Tracker 2.0 -- The Evolution of Tracker & Solutions to its Core Problems

@dinos and @jononomo and others that have found fault with forum post length, this should please. Below is my “thin forum post summary” for my “fat medium article” linked to at the bottom:


The problem with Tracker is one thing (and by proxy, if we are being honest, the true problem with Blaze!):

  • tracker re-runs functions many times more than they need to be re-run (which is the sole cause of Blaze rendering jankiness!).

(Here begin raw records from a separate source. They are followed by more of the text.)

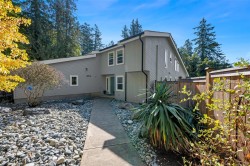 10915 Cedar Lane North Saanich, BC V8L 5R1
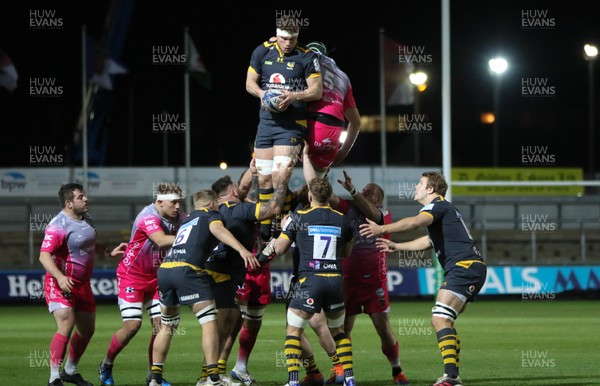 121220 - Dragons v Wasps, Heineken European Champions Cup - Will Rowlands of Wasps takes line out ball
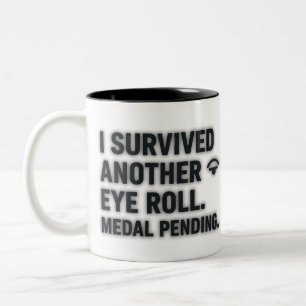 Taza Bicolor Sobreviví Otro Rodar De Ojos – Divertido Sarcástic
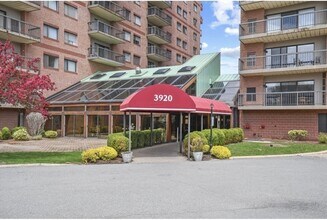 Building Photo - 3920 Mystic Valley Pkwy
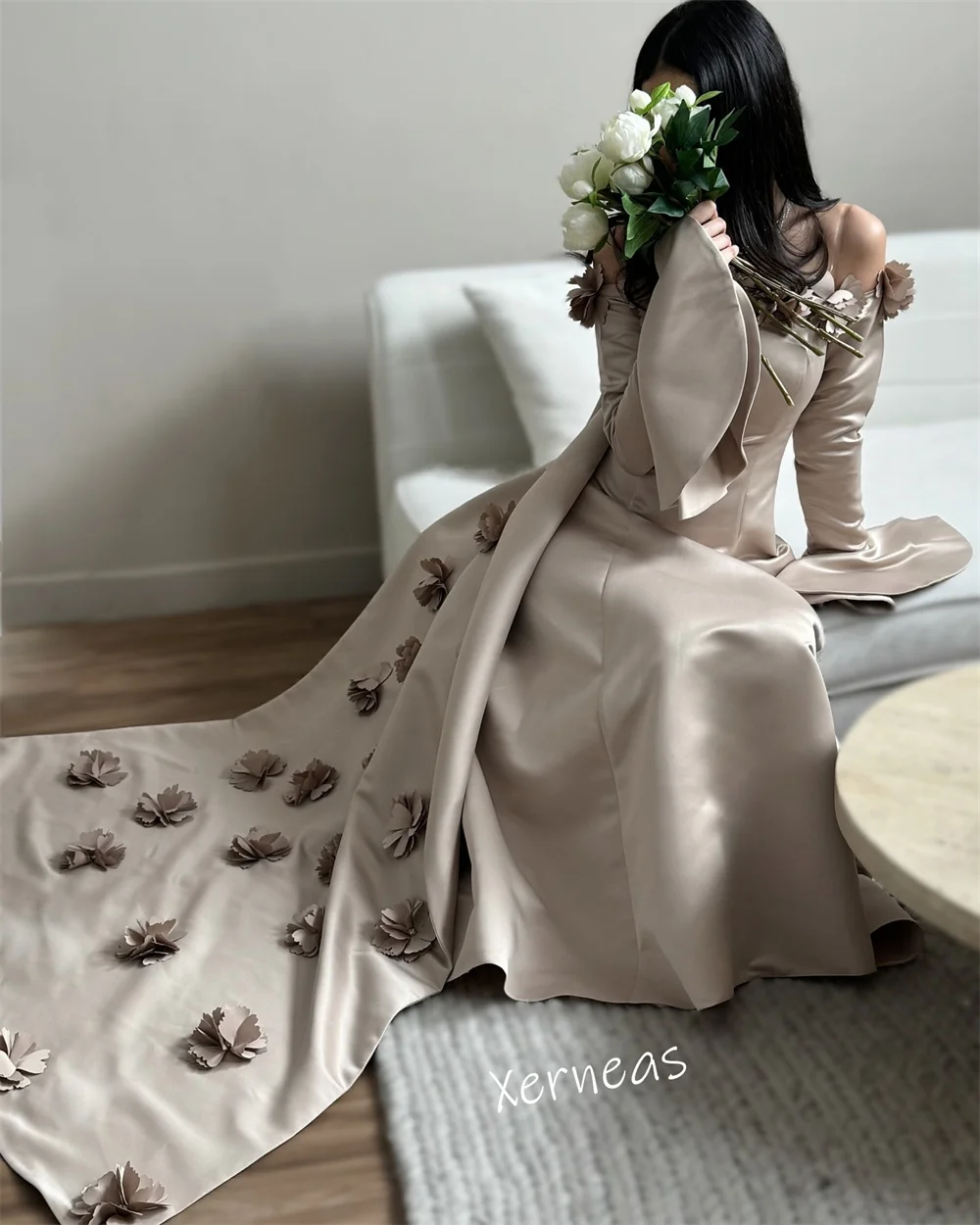 تخصيص Charmeuse زين مضيئة كم خارج على الكتف ألف خط فساتين متوسطة الطول مناسبة مخصصة ثوب مسائي رسمي رائع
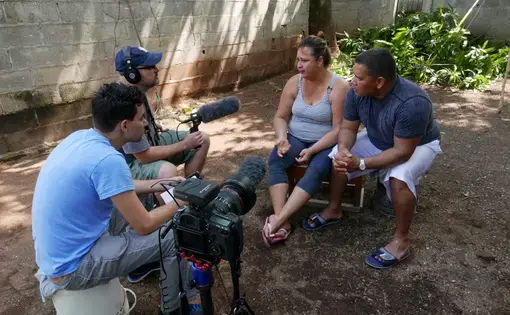 Mario Pentón and José Antonio Iglesias interview Cuban migrants in Panama. Image courtesy Mario Pentón. Panama, 2017.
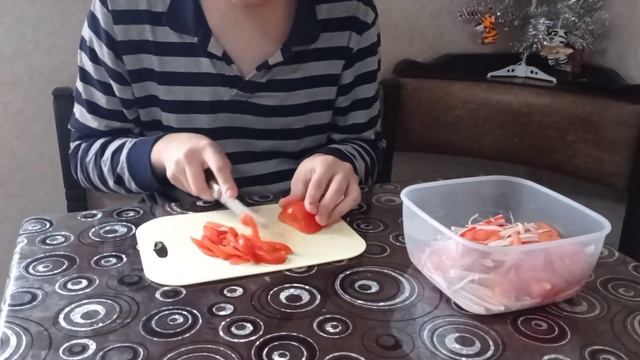 По кулинарим? - Салат "КРАСНОЕ МОРЕ". Любимый салат нашей семьи.Советую всем попробовать! Объедение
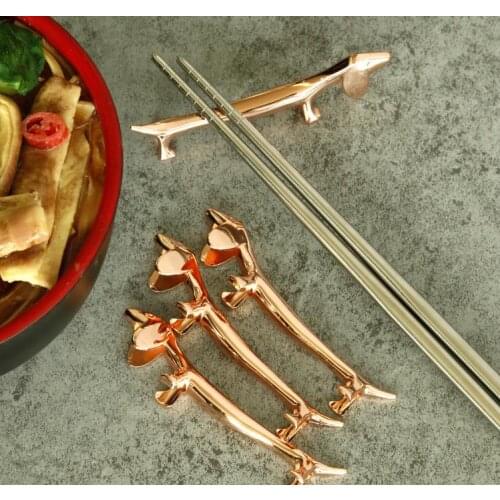 Zinc Alloy Chinese Chopstick Rest Traditional Sausage dog Chopsticks Holder Rack Frame Kitchen Tools SN2107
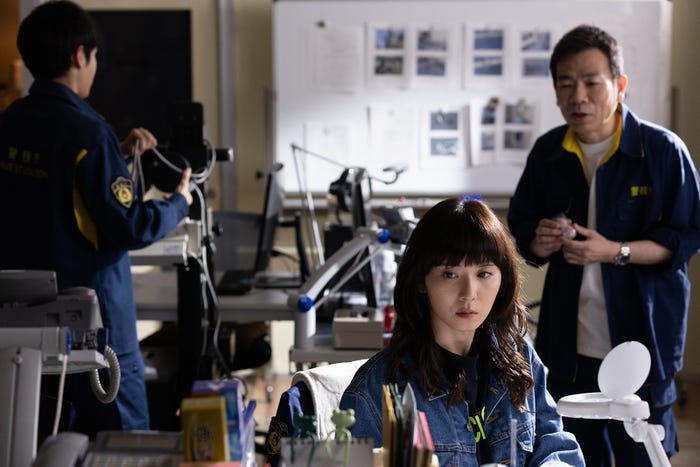 松岡茉優、マギー「ギークス~警察署の変人たち~」第3話より(C)フジテレビ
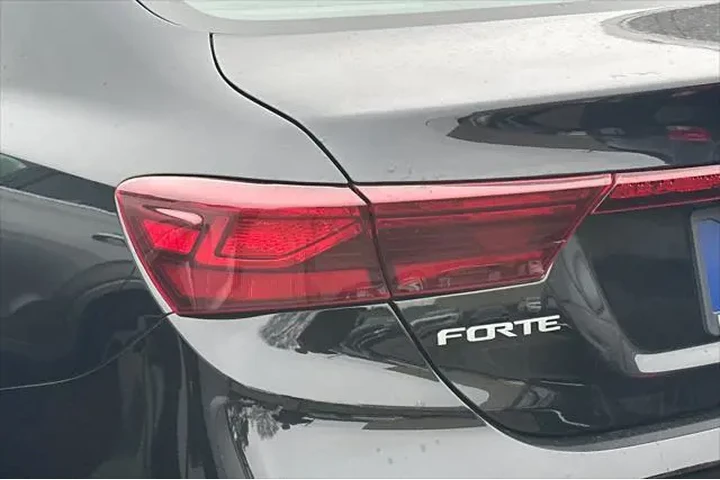 $17990 : Kia Forte 2024 LXS 4dr Sedan image 6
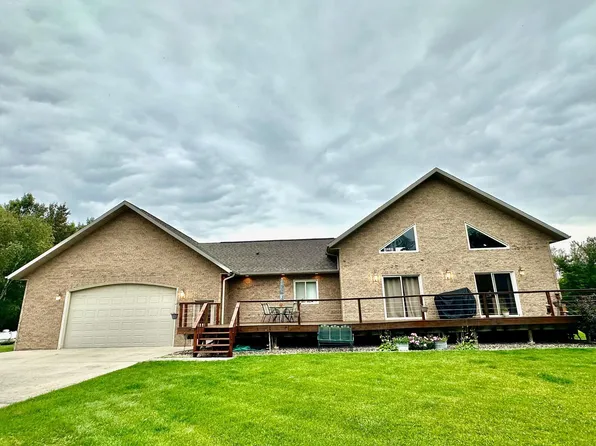 41633 130th St, Wannaska, MN 56761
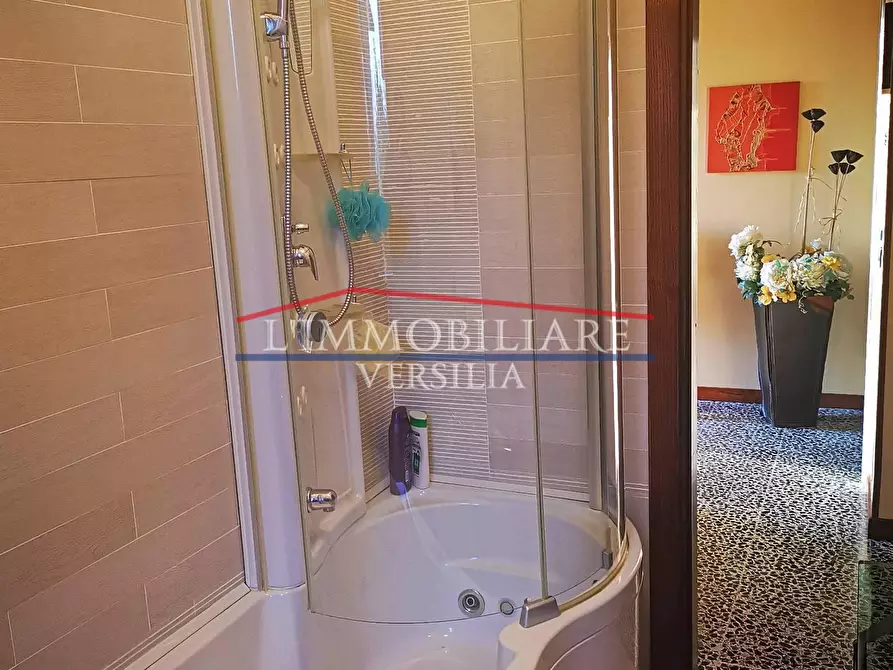 Immagine 28 di Casa bifamiliare in vendita  a Massa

and a fair fight would be “Tracker 2.0” vs. Redux, and what Tracker 2.0 would have fixed is:

  • re-runs only occur if the precise dependent data utilized changes, not just because dependency.changed() was called
  • “property-level cursors” that automatically populate the fields option, eg: post.title within Spacebars automatically makes your fields option become: Posts.find(selector, {fields: {title: 1}})
  • an options param to Tracker.autorun(func, options) to further constrain what triggers re-runs. Helper methods could achieve something similar by wrapping your methods with a call that assigns options before assigning them.
  • once re-runs don’t run more than they have to, snapshotting Minimongo and ReactiveDict become a real option, and we can time travel (even if Minimongo is made of mutable state)
  • we need a Chrome devtools extension to visualize tracker dependencies between functions (graph diagram) as well as a 2nd visualization that depicts the stack frame of dependent autoruns sequentially. Picture “branches” of the graph highlighting as they update similar to the React devtools for components. Now you would know exactly what your autoruns are doing! We shoulda had this long long ago!! It should be similar to this execution visualizer for RxJS:

The in depth exposition, i.e. THE FAT MEDIUM ARTICLE is here:


I don’t know, maybe we can all pool our resources together and fund James so he can get started on all the following projects?

Tracker 2.0
Blaze 2.0
Meteor specific Code-Splitting



Does bitcoin work or should I accept paypal too?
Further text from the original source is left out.